Please fill out the fields below so we can help you better. Note: you must provide your domain name to get help. Domain names for issued certificates are all made public in Certificate Transparency logs (e.g. https://crt.sh/?q=example.com), so withholding your domain name here does not increase secrecy, but only makes it harder for us to provide help.
My domain is: www.yardsale.com
I ran this command:
php acmephp.phar run configYSonly.yml
It produced this output:
In AcmeClient.php line 200:
Challenge failed (response: {“type”:“http-01”,“status”:“invalid”,“error”:{"
type":“urn:ietf:params:acme:error:connection”,“detail”:“dns :: DNS problem:
query timed out looking up A for www.yardsale.com”,“status”:400},“url”:“ht
tps://acme-v02.api.letsencrypt.org/acme/challenge/NATMQlcVINM2st4EgU_8
8L-L7uYxNZxe-tVTad-JZr0/18529021217”,“token”:“zdjnbEoJzzkIQEDF6c5fwTuGiG6I
DNVjYa_cPI_UkE0”}).
My web server is (include version):
Worldgroup 6.0
The operating system my web server runs on is (include version):
windows 2008
My hosting provider, if applicable, is:
I can login to a root shell on my machine (yes or no, or I don’t know):
yes
I’m using a control panel to manage my site (no, or provide the name and version of the control panel):
no
The version of my client is (e.g. output of certbot --version or certbot-auto --version if you’re using Certbot):
Acme PHP - Let’s Encrypt client 1.1.1
It used to work 3 months ago. When I run it, I see it attempting to access my web server via the log
I think probably this is probably due to misconfigured glue records for the domain of your nameservers (worldgroupware.com).
$ dig +noall +additional @i.gtld-servers.net worldgroupware.com
dns.worldgroupware.com. 172800 IN A 71.246.247.62
dns2.worldgroupware.com. 172800 IN A 50.76.18.33
But 50.76.18.33 is wrong. It doesn’t even run an authoritative nameserver.
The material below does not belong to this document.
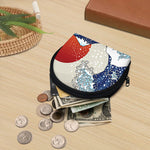 Ancient Great Japanese Wave Print Coin Purse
The real record should be:
dns2.worldgroupware.com. 2804 IN A 71.246.247.34
This usually isn’t a fatal error, but I have a feeling that in this case, Let’s Encrypt’s resolver has some kind of intolerance against it (even though I can’t reproduce it by running Unbound myself). So it tries using that glue record and for some reason ends up in a timeout.
yeah I saw that 50…33 addr. I’m not sure where it was coming from. What is this dig command? I imagine it’s a unix thing. Is there a windows equivalent?
What I wonder is why it worked 3 months ago, nothings really change in my config. thanks for taking the time to answer this!
well that was it. There is a cool site called http://dnsviz.net and it also confirmed these glue record issues. I’m running my own DNS using SimpleDNS+ and it all seemed good there. So I went to my domain register and under the worldgroupware domain there was this “child name servers” stuff. and that’s where I saw it had a wrong (old) IP address. Once I fixed this all was well in my world.